NPR Pisses Off Trump Supporters By Tweeting the Declaration of Independence
Photos by Dan Kitwood/Getty, Chip Somodevilla/Getty
We’re sure that NPR’s intention when they tweeted the entirety of the Declaration of Independence yesterday was to fill some space while most everyone was out of office for Fourth of July festivities. What resulted, however, was an Internet gang of Trump supporters who saw the tweets as a threat to their king and even implied that the most docile news organization in existence was trying to start a revolution with tweets like the below.
A Prince whose character is thus marked by every act which may define a Tyrant, is unfit to be the ruler of a free people.
— NPR (@NPR) July 4, 2017
While Trump continues to retract pretty much every promise he made during his campaign, MAGA diehards are closing their eyes and pretending the top of the economic food chain isn’t pulling all of the strings. Still, we have to hand it to them; they’re ride-or-die for their man, even if it means being disgusted with the document that the United States was founded on.

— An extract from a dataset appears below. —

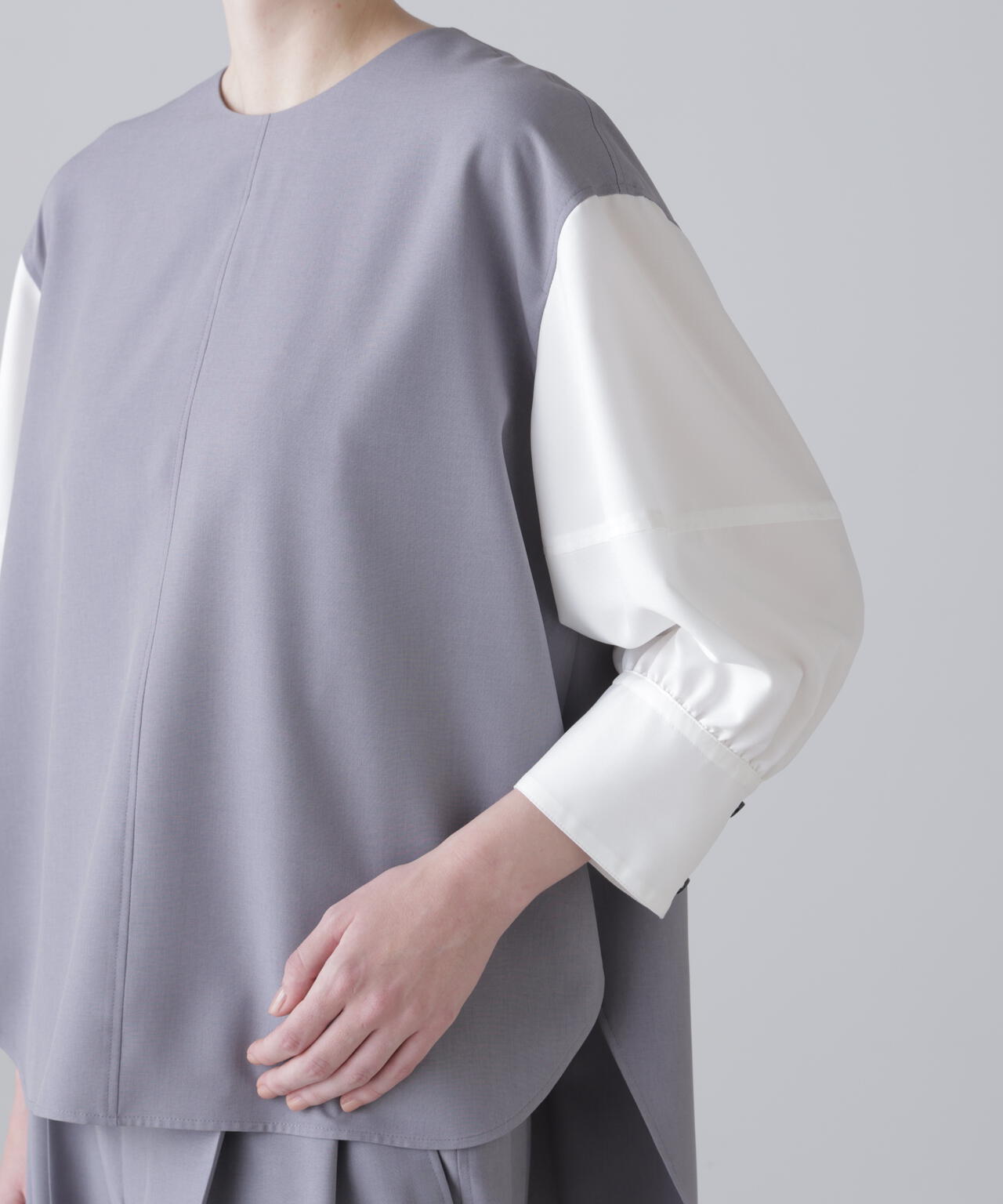 美品　ADORE ファンクショナルドライクロスブラウス　今季　グレー　ジレ ADORE(アドーア)｜ファンクショナルドライクロスブラウス/グレー の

When you’re triggered by the Declaration of Independence bc you want so badly to submit to King Donald the Doll-Handed…. pic.twitter.com/aEyLEu24Qc
— Alexandra ???? (@AlexandraAimee) July 4, 2017
The irony is not lost that their slogan implies that they want to get back to core American ideals; is there anything as quintessentially American as the Declaration of Independence? One Twitter user even went so far as to label the tweets “propaganda,” which, given MAGA warriors’ use of patriotism and nationalism as the main pillars of their beliefs, is so painfully oblivious we kind of wish it was satire.

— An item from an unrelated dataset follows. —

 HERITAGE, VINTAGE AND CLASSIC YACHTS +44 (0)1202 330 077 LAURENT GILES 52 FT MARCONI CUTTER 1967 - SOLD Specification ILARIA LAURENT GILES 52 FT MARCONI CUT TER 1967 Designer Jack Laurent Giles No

there’s nothing more american than getting pissed because you think the declaration of independence is shitting on the president pic.twitter.com/gkWSTR8SIY
— Goth Ms. Frizzle (@spookperson) July 4, 2017
If you want a good laugh, picture Tom Ashbrook calmly reciting the tweets as an angry mob of Trump supporters picket next to him, telling him he’s un-American. Jefferson and Adams would be proud.